General characteristics (as completed)
- Displacement: 4,400 ton
- Length: 324 ft (98.8 m)
- Beam: 105 ft (32.0 m)
- Draft: 4 ft 7 in (1.4 m) (empty); 40 ft (12.2 m) (loading); 11 ft 3 in (3.4 m) (loaded);
- Depth of hold: 48 ft (14.6 m) (side); 11 ft 5 in (3.5 m) (pontoon);
- Complement: 16

= Cartagena Iron Drydock =

Floating dry dock in Cartagena, Spain

Cartagena Iron Drydock was said to be the first practical iron floating dry dock. It was built in Britain and reassembled at Cartagena Naval Base in 1866. The dry dock was needed to service the new ironclad fleet that the Spanish Navy acquired in the 1860s. It also served to lift ships so they could be towed onto horizontal slipways. One of its successors still performs this function at the Navantia shipyard of Cartagena.

== Context ==

The traditional method for cleaning or repairing the hull of a ship was careening. It meant that the ship was pulled on its side to gain access to the lower hull. For several reasons, this was impractical for steam-driven vessels. The alternative was the use of graving docks, which were built in England and France from the 17th century.

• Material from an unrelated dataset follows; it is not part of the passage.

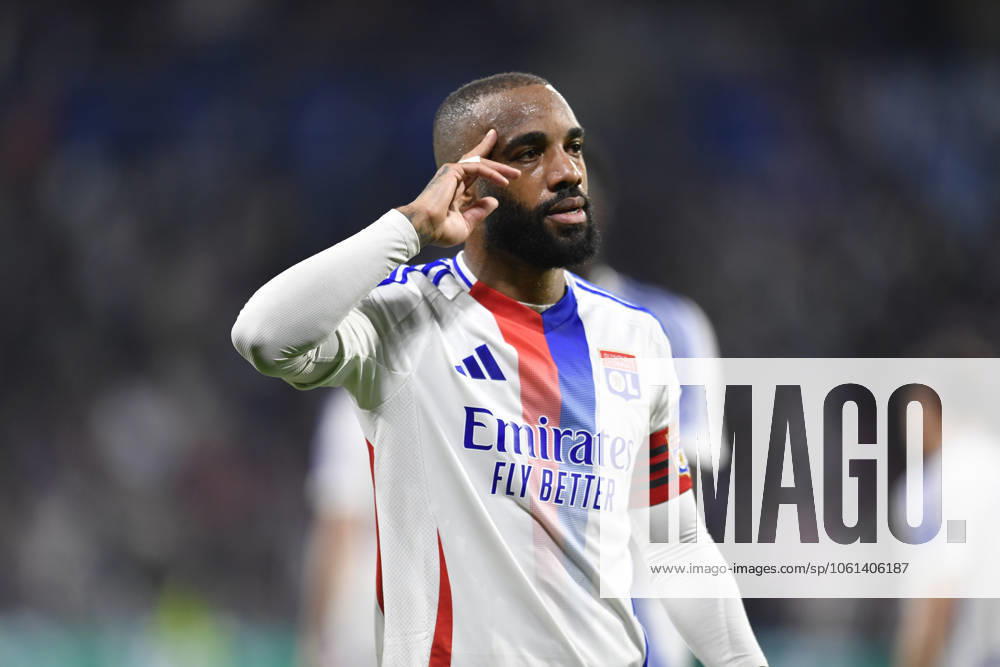 Alexandre LACAZETTE of Lyon during the French L1 football match between Olympique Lyonnais and Rennes at the Groupama stadium in Decines-Charpieu Lyon, France on April 26, 2025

In many locations, the construction of a graving dock was difficult. From the early nineteenth century, big steam-powered floating dry docks made of wood provided an alternative. There were two principal types: the sectional dock, and the balance dock. The balance dock was invented in America by John S. Gilbert. Amsterdam Wooden Drydock I, built in 1842 was an example of his type of balance dry docks.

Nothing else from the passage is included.